増える動画コンテンツ、ビジネス展開のカギとは?
インターネットの動画が身近になった要因の一つとしては、YouTube をはじめとする動画配信サービスの機能向上、そしてアップされた動画を拡散する SNS の普及が挙げられます。お気に入りの動画を SNS で共有することで、ブームを起こしやすくなっているのです。
動画コンテンツのパワーを知っているのは、やはり SNS のプラットフォームを提供している Facebook でしょう。なにより、先ほどご紹介した10年間ロードマップに AR / VR がすでに加わっていることからも、今後注力していくべき分野であるということを如実に物語っています。
5/31 ビジネスフォーラム「Advertising Week Asia 2017(AWAsia 2017)」の基調講演に Facebook 社 CPO のクリス・コックス氏が登壇し、将来 Facebook 上でどのようなコミュニケーションが生まれるかについて語りました。
今後、360度動画や AR / VR などの新しい技術を利用することを当たり前にすることで、ユーザーのコミュニケーションのあり方をどう変化させていくのかを考えているようです。そのプラットフォームの変化によって影響を受けるのは、主にそれをビジネスに活用する企業側です。AR / VR 技術を活用したサービスが増えるにしたがって、企業側でもそれを意識した広告やサイトの作成を増やしていくことになりそうです。
動画コンテンツは、ウェブマーケティングにどのように貢献するのか?
企業側の目線でこのウェーブを意識してコンテンツの作成を行うとすると、動画でどうやってコンバージョンさせられるか、がどうしても重要なファクターとなるでしょう。

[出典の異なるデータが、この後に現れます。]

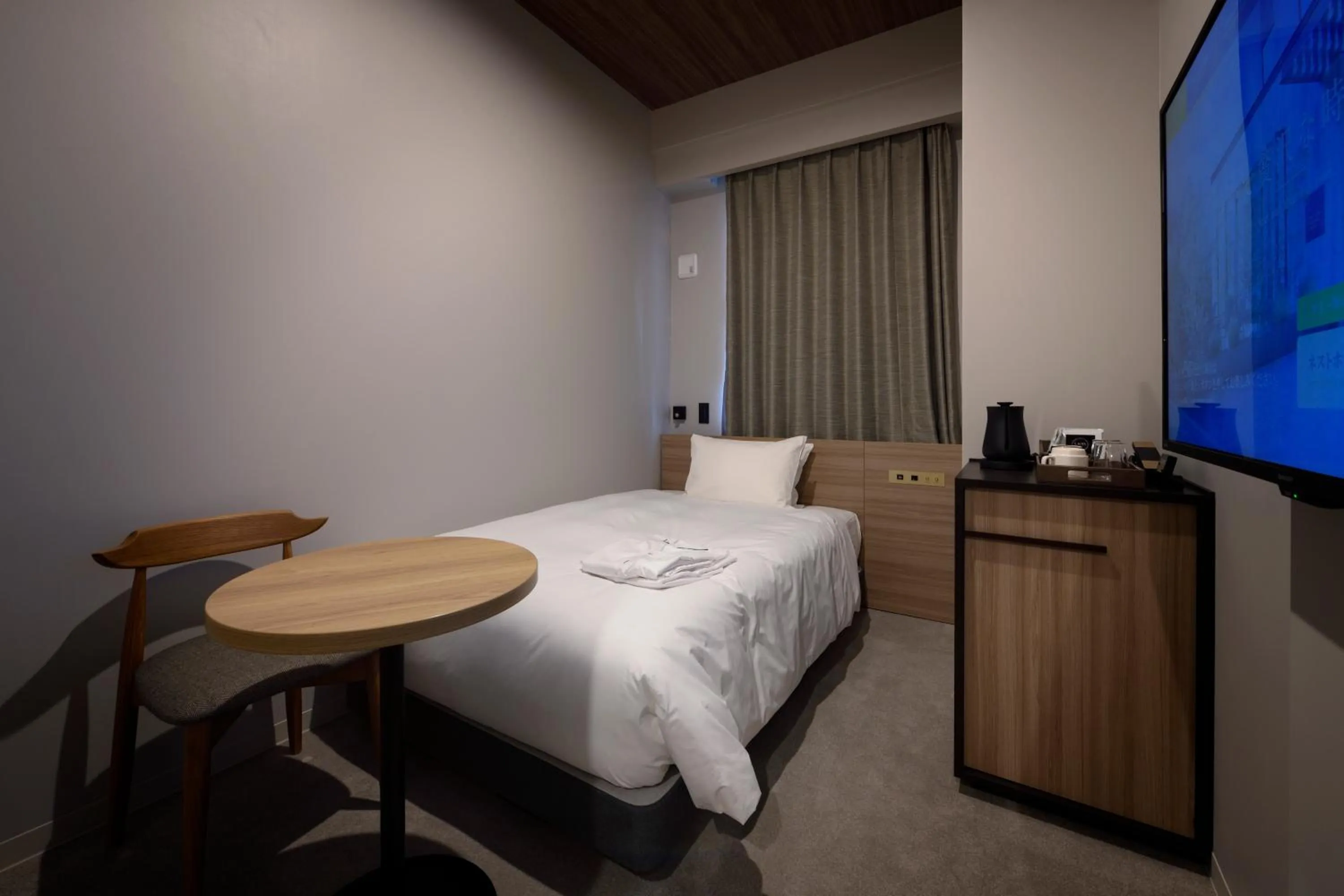 Photo of the whole room, Bed in Nest Hotel Hiroshima Ekimae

しかし、基本的に動画は単独でコンバージョンを獲得できるものではなく、ユーザーに気づきや興味を誘引するトリガーのようなものであり、オーディエンスを構築させるためのコンテンツであると考えるのがベターです。その動画を視聴したオーディエンスに対して、コンバージョンを獲得できるようアプローチをかけていくという手法が適切です。

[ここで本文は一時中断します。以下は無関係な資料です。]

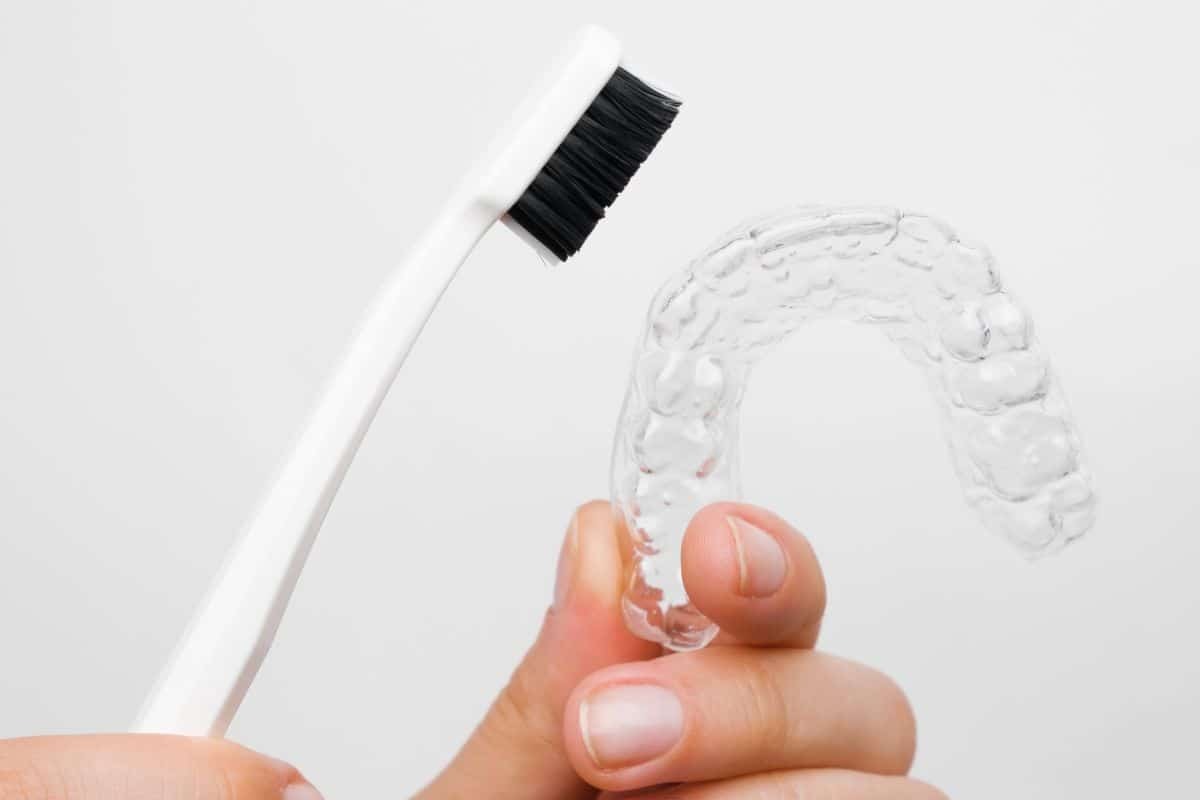 Invisalign aligner being cleaned with a soft-bristled toothbrush and paste.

そのためには、動画コンテンツのアトリビューション分析は大きなテーマです。
動画がいかにコンバージョンに貢献したかを評価するには、コンバージョンに至ったオーディエンスを識別し、そのオーディエンスを構築できたのはどのようなストーリーテリングが貢献したからなのか、を明確に分析していくアプローチが大切です。決して、動画を作ったからといってユーザが自然に集まるわけではないのです。
以下、動画を Webサイトに活用する上で意識したい5つのポイントをご紹介します。
1. 臨場感を意識する
テキストや写真だけでは伝わりにくい情報である「空気感」や「音」などを、臨場感を持って伝えることができます。
2.動画で省スペース化
テキストと写真だけで伝えようとするとページ数が増えてしまう場合は、動画で省スペース化ができます。テキストと写真で分解して説明するより、動画一つで分かりやすく説明できる場合があります。
3.動画からサイトへの訪問者拡大を狙う
ユーザーが、YouTube などで得たい情報を動画検索するケースも増えてきました。各業種の専門知識を活かした優良な情報動画を配信することにより、閲覧ユーザーをサイトまで引き込むことができます。
4.サイトの滞在時間を伸ばす
文章だけでは読み飛ばしてしまいそうな内容も、動画でなら見てもらえる可能性が高まります。

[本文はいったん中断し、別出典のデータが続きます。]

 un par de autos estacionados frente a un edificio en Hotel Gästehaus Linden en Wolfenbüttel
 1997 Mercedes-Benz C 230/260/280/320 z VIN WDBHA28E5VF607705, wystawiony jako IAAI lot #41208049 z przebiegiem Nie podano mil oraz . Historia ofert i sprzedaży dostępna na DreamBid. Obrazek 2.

2~3分で見られる動画にして、長すぎない動画にします。さらに、ユーザの導線を想定して、画面上部やファーストビューエリアなど、Web サイト内のわかりやすい位置に大きく表示しましょう。
5.動画視聴後のアクションを想定する
動画を視聴した見込み顧客に対し、次にどんな動きをして欲しいのかを予め定めておきましょう。
サービス紹介ページやお問い合わせフォームへのリンクなど、次への導線がないと動画を閲覧後その場ですぐに離脱してしまう可能性があります。Web サイトに訪問したユーザをうまく誘導したり、Facebook ページや Twitter、メールマガジン等で告知を行い、動画からの導線を設けましょう。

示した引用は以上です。